Aside from planting the flag on Crimea for the first time since 2014 and killing a number of Russians, the mission proved to be a learning experience for the raiders as well, said Linko.
“Practical experiences are very important,” said Linko. “It's something which is very valuable for us to get because Ukraine had not performed such missions in the past, so we have to get this experience learn from it, and program our tactics.”
“We tried to practically assess, based on our experience, the equipment and the technical things we need to take with us and to apply during such operations,” he said.
Ukraine also learned about the vulnerabilities of defenses on Crimea.

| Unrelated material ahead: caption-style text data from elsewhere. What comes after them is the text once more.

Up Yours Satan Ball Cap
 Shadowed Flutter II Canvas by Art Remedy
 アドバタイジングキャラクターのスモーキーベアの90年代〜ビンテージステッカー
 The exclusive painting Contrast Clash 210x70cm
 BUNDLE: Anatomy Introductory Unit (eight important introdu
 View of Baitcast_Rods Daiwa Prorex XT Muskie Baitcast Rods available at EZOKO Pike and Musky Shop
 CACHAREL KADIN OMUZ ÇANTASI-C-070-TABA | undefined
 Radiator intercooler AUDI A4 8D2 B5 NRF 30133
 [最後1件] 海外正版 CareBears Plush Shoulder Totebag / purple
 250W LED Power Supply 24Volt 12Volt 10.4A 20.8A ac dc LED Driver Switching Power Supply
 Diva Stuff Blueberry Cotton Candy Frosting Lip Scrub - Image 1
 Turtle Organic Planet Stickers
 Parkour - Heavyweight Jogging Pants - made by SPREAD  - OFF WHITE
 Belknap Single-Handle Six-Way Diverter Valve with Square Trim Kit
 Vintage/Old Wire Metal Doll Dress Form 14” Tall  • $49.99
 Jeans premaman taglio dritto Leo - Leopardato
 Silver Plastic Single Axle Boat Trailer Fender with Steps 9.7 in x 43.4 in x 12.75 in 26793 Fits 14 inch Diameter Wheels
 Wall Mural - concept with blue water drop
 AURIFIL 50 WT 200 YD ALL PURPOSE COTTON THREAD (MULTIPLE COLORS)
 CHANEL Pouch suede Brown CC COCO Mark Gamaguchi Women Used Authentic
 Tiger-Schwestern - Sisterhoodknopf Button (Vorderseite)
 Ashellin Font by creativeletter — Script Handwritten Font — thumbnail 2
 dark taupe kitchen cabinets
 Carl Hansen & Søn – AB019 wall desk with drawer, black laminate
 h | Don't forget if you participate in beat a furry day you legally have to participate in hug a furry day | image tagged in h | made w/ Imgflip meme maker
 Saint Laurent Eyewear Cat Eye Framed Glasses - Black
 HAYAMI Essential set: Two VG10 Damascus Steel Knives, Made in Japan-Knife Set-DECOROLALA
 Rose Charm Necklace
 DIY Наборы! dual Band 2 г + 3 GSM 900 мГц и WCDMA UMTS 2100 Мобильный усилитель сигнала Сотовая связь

“There were extensive distances and they cannot physically cover every single gap,” said Linko. “That is why there are these gaps and we proved that it was possible to go on shore and perform such missions.”
Catching Russians Off-Guard
As they got closer to the Crimean shoreline in the overnight hours between Oct. 4 and Oct. 5, the Stugna team cut their engines and tried to stay silent and motionless as two Russian patrol boats passed by. Realizing they were unseen, the assault group “surfed past the boats and made it to shore,” said Linko.
The objective, he said, was a building along the Russian defensive lines.
“It wasn't an important building but it was the building where the Russian troops lived,” he said.
Once ashore, Stugna engaged in a fierce and swift battle with the Russians, who opened up on the raiders with machine guns and assault rifles.
“The Russians were firing chaotically,” said Linko.
It remains unknown how many Russians were killed in that raid, said Linko, but he knows there were some.
“We fired grenade launchers at the building and destroyed it,” he said. “That’s why we’re sure they had casualties.”
The rapid nature of the raid took the Russians by surprise, allowing for a safe departure, said Linko.
“They panicked and didn’t manage to cling on to us as we were retreating,” he said.
Once out on the water, the assault party knew it was being chased as they made their way back across the Black Sea to the waiting support vessels.
“We could hear on the radio and see on the radar that the Russians were trying to find us with the use of aircraft,” he said. “But on this particular mission, they didn’t manage to find us.”
Despite a video that emerged on social media purporting to show the capture of one of the raiders, Linko would say only that no one in the Stugna unit was killed, wounded or captured.
Several Stugna unit members, however, did have to seek medical treatment after the mission.
“I lost five kilograms (about 11 pounds) as a result of this mission,” said Leo, one of the men on the mission speaking on condition that we only use his call sign. “Several of my colleagues lost considerable weight because it was a rather harsh physical experience.”
This won’t be the last such raid, said Linko.
“We are confident we are going to have more and more ambitious goals and objectives of our missions,” he said.
The recent hurricane-like storm in the Black Sea, which damaged Russian defenses, could very well aid future missions, a GUR official told The War Zone Wednesday. You can read more about some of that damage, to Sevastopol Harbor defenses, in our story here.
"A reduction in mines and beach fortifications could reduce some of the dangers these men face," said the official, speaking on the condition of anonymity to discuss operational details.
We will be watching to see if Ukraine tries to take advantage of these new gaps in Russia's defenses and how successful they are should that happen.